ペリー長老は,指導者にステークあるいはワード内でお休みしている神権者の数を把握しているかどうか尋ねました。「即答できるようになってください。では今が無理なら家に帰って調べ,その数を目に付くところに張りだしてください。毎日その数を見て……考えて欲しいのです。その数は群れに連れ戻す必要のある,活発なメルキゼデク神権者たちなのですから。」
集会の後のインタビューで,ペリー長老はこう語りました。「それは長老定員会会長と大祭司グループリーダーの仕事です。真剣にそのリストに取り組み,だれがお休みかを調べ,それから祈りの気持ちで,福音のメッセージを届ける〔相手を〕一度に5人ほど選びます。……それは兄弟たちを本当に理解し,十分に知るためのプロセスなのです。そうしていくうちに主からの霊感が与えられ,この人が受け入れてくれるだろうとか,この人に働きかけるべきだといったことが分かるようになります。
理想の達成
集会でペリー長老は,次のような理想を述べました。教会の各ワードの長老定員会会長が,「強い関心を向けるべきお休み会員を5人選びます」。そして大祭司グループリーダーの方は,同様にお休みの長老見込み会員を5人選びます。それから宣教師と協力して「彼らの自宅へ出向き,福音を教えます。」
ペリー長老はこう語りました。「皆さんが専任宣教師とうまく連携すれば,彼らはその10人を助け,教え導くことができます。こうして,いつでも,毎晩でも宣教師が福音を教えている状態ができあがります。それでも手が足りないようなら,ワード宣教師を召してください。そうすればこの10家族に福音の基本原則の義務を教える責任を満たすことができます。こうして彼らを群れにたぐり寄せるのです。これは実行に移しさえすれば,非常に効果が上がることが分かっています。御父の王国を築くこと,自分の責任を全うすること,現在わたしたちがかかわっているこの偉大な時期に,主が眼前に用意してくださっているものに備えること,これらができるようになるのです。……もし,各ワードにもうあと10人活発なメルキゼデク神権者がいたらどうなるか,想像してみてください。文字通り教会が変わります。活発なメルキゼデク神権者がさらに29万人増えるのです。そうなれば,わたしたちの直面するチャレンジに対応できる偉大な集団となることでしょう。」
手を差し伸べることからもたらされる祝福
ペリー長老は,活発になって戻ってくる人を見ることは大きな喜びだと語りました。「長老見込み会員が群れに戻ることほどすばらしいことはありません。群れ全体の人生観が一変するのですから。……そのことが一人の人間に及ぼす影響力を考えてみてください。何よりまず,その兄弟が自分と永遠の父なる神と,その御子イエス・キリストとの関係を霊的に理解できる備えとなります。
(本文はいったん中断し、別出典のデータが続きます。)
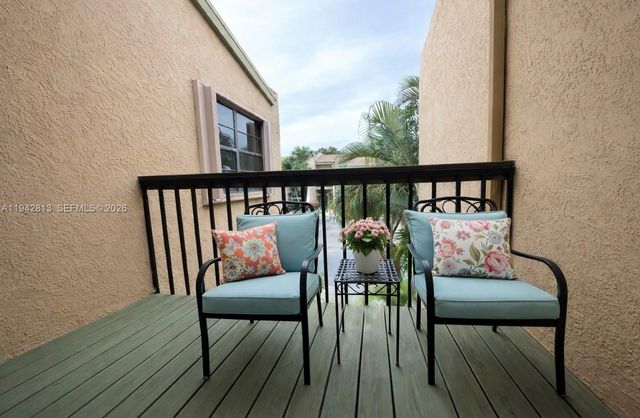 1471 NW 94th Ave 240, Pembroke Pines, FL 33024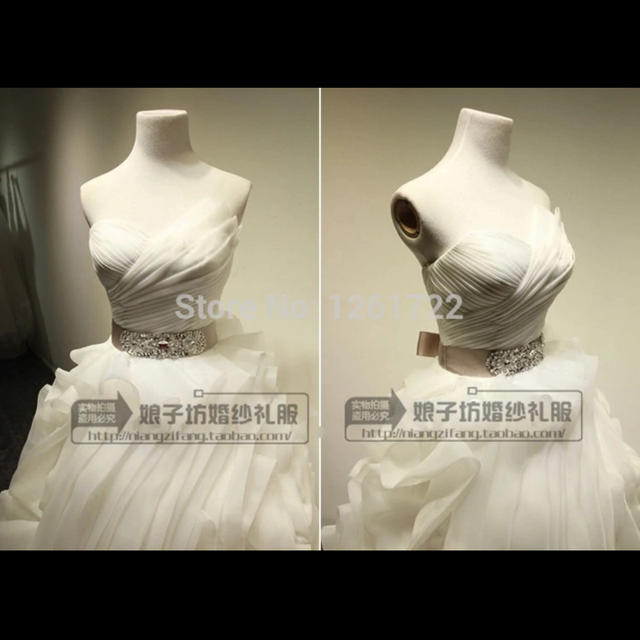 ウェディングドレス 新品同様 レディースのフォーマル/ドレス(ウェディングドレス)の商品写真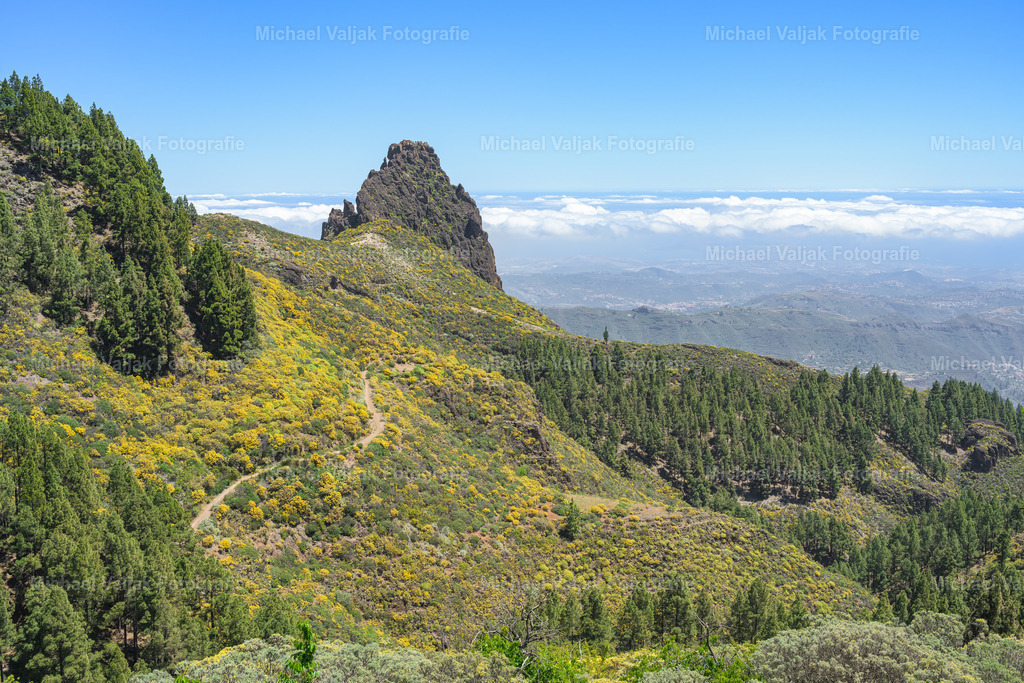 Mirador Caldera los Marteles Gran Canaria | Der Blick vom Mirador Caldera de los Marteles auf Gran Canaria in nördlicher Richtung. - Realisiert mit Pictrs.com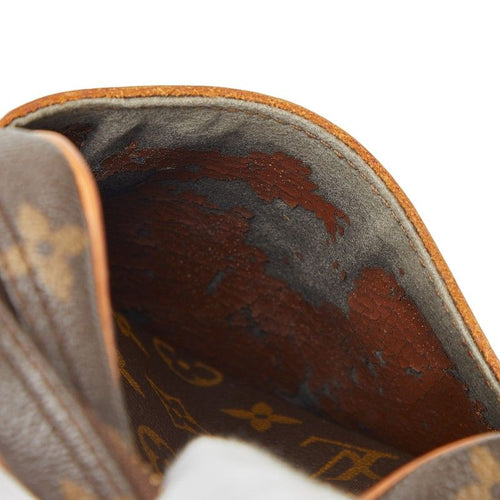 louis vuitton m45266 shoulder bag markings and labels
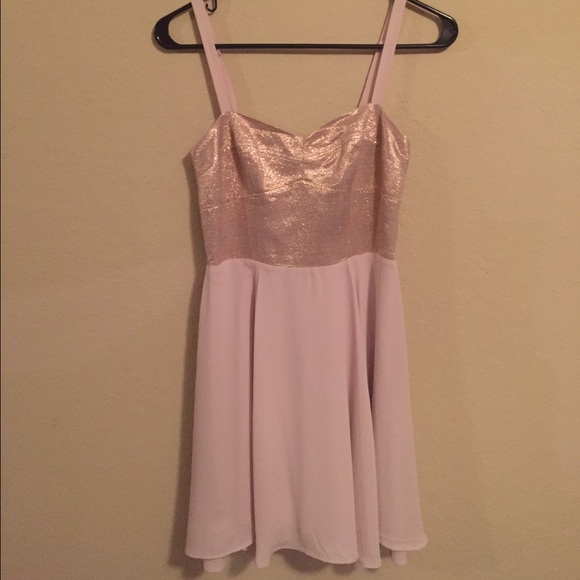 Express dress! - Picture 1 of 1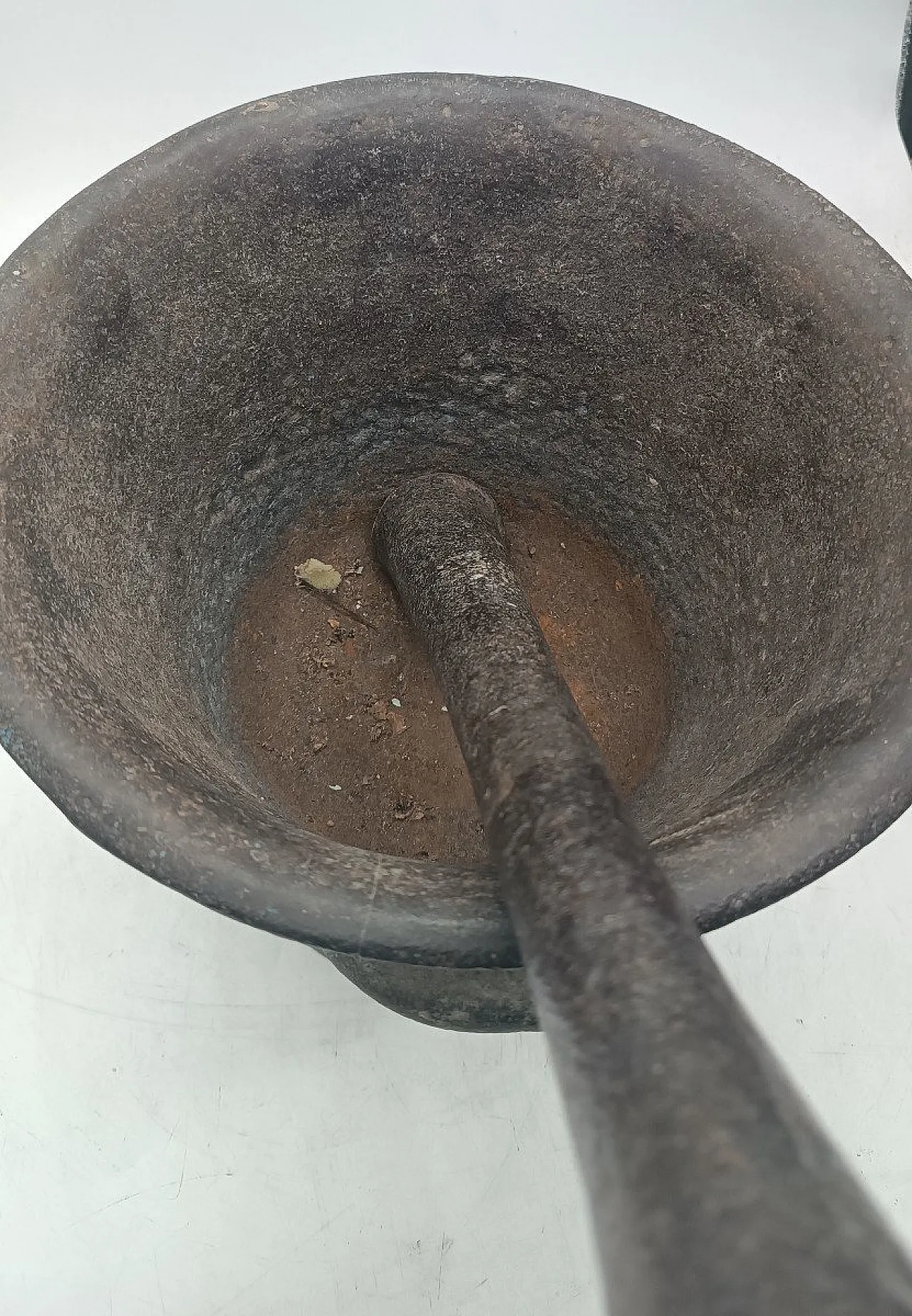 Iron mortar with pestle, 18th century 6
そうして〔彼は〕再び聖霊と結び付いた生活を送り,それが自分を先導し,導き,指示を出してくれる活力となるのです。彼はさらに良き夫となり,妻に感謝の念を持つようになります。そこから来る真の教義を身につけるからです。夫婦は永遠にわたって一つに結ばれるのです。そしてもちろん,もっと良い父親になります。彼が〔家族に〕福音を教え,かつ自分でも理解し,人生のあり方について模範を示すことができるようになるからです。」
この計画のクライマックスは,手を差し伸べられた家族が神殿に入ることであると,ペリー長老は語りました。「わたしに言わせれば,それは卒業のときです。つまり,彼らに王国の教義を理解させ,その学習課程が修了したとき,そして彼らの人生を麗しいものに代えることができたとき,彼らの生活に聖霊を招くことができるようになったときです。彼らは救い主に決意を示しました。そしてこの全過程におけるクライマックスシーンは,彼らが自分の愛する伴侶や家族とともに主の前にいることであり,自分の頭に宣言された大いなる祝福を永遠にわたって享受することです。」
神権者を強める
またペリー長老は,天の御父の子供たちを祝福する際に神権の重要性をわきまえているということは,神権指導者一人一人がその召しを尊び大いなるものとできるように助けることであると指導者に話しました。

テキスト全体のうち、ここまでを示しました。